Daryl Morey Faces 76ers Sweep After 144-114 Game 4 Loss
daryl morey watched the 76ers’ season end in a 144-114 loss to the Knicks on Sunday at Xfinity Mobile Arena. New York completed a four-game sweep, and Philadelphia’s postseason ended after the up-and-down run that followed a 45-win regular season.
Knicks Finish the Sweep
The Knicks finished the series by an average margin of 22.3 points per game, a blunt ending for a team that had already shown it could beat Boston in the first round. The 76ers had climbed out of a 24-58 season and looked revived at points, but that surge did not survive the second round.
Joel Embiid checked out of Game 4 long before a timeout midway through the fourth quarter, then lingered with teammates near the free-throw line. After the game, he said, "They were just better than us in everything." He added, "We’ve just got to look at each other, starting with me."
Embiid, Maxey, and Edgecombe
The backcourt offered the clearest reasons for optimism during the season. Tyrese Maxey finished fifth in the NBA in scoring at 28.3 points per game and earned his second All-Star appearance, while rookie VJ Edgecombe averaged 16 points, 5.6 rebounds, 4.2 assists, and 1.4 steals and finished third in Rookie of the Year voting.
That production helped Philadelphia improve from last season’s 24-58 mark, but the numbers also show the gap that still closed in the playoffs. The 76ers ranked 16th in offensive efficiency at 114.3 points per 100 possessions and 17th in defensive efficiency at 114.4 points allowed per 100 possessions, a middling profile for a team trying to last deep into May.
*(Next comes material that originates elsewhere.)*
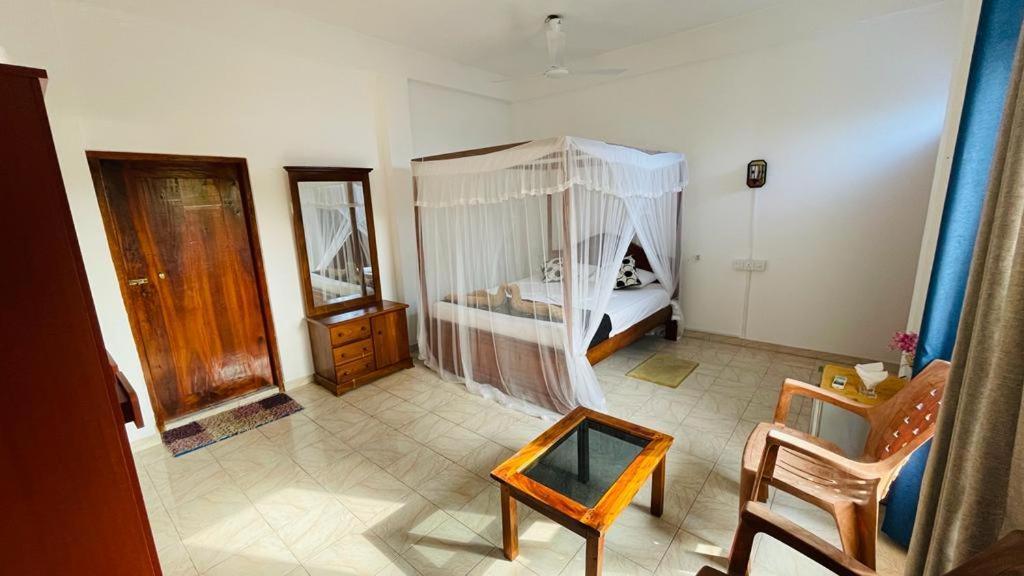 Sunny Mood Guest House Unawatuna Bagian luar foto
Philadelphia’s Offseason Turn
The season now turns to decisions after a run that included Embiid returning to the court 17 days after an emergency appendectomy, the club falling behind Boston three games to one, and then beating the Celtics in Game 7 in Boston. Nick Nurse had talked before the season about the challenge of trying to "dig themselves out of that 24-58 record," and the 76ers did that in the standings without turning it into a longer playoff climb.
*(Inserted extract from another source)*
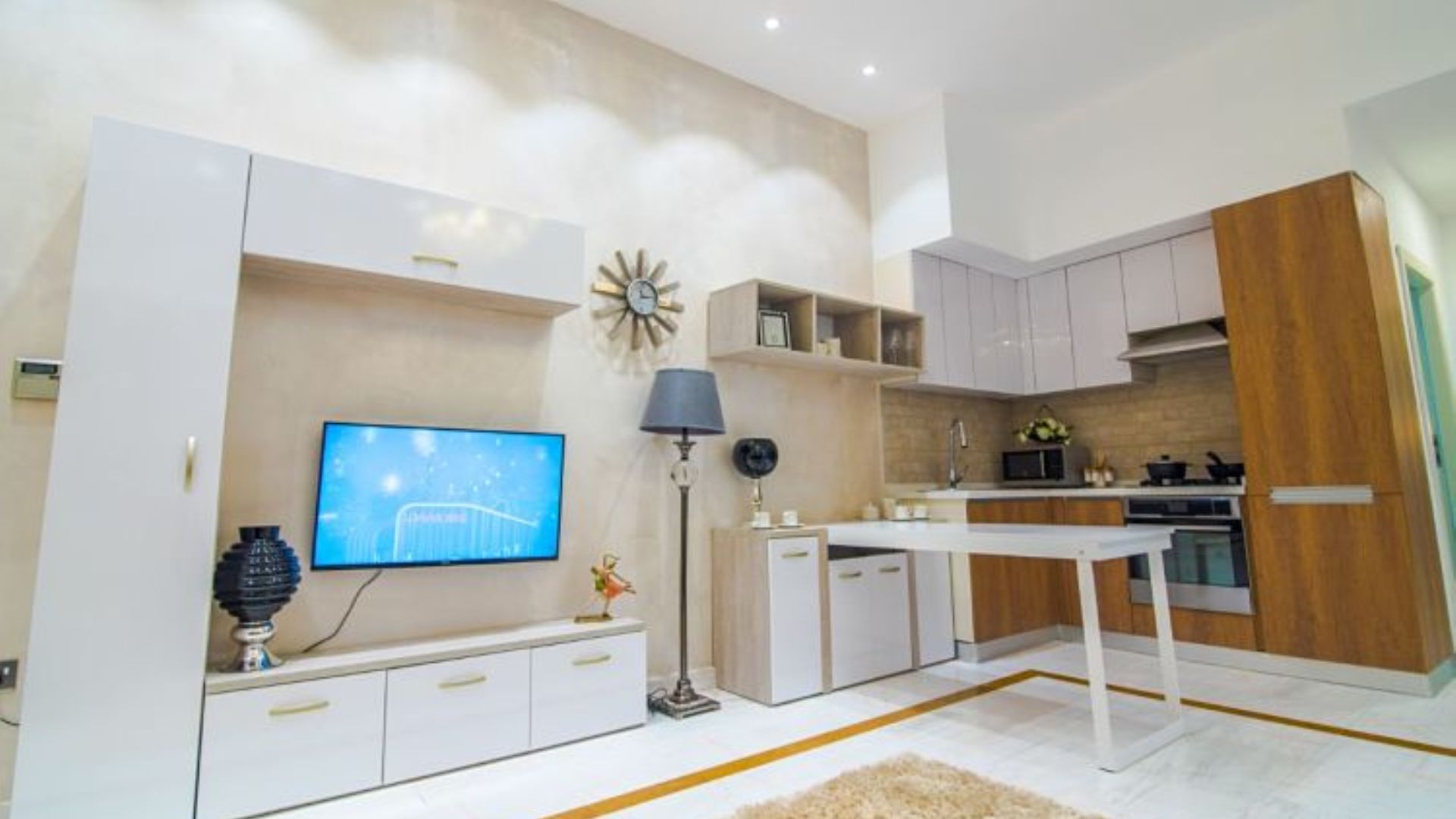 Apartment in Business Bay, Dubai, UAE, 2 bedrooms, 107 sq.m. No. 24123 - 4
Maxey described the season as "a step in the right direction," but Sunday’s finish leaves Philadelphia with a familiar problem: the front line of its talent did not stay together long enough to carry one series into the next. The next stretch belongs to Morey, Embiid, Maxey, Nurse, and a roster that has already shown enough to raise expectations and not enough to satisfy them.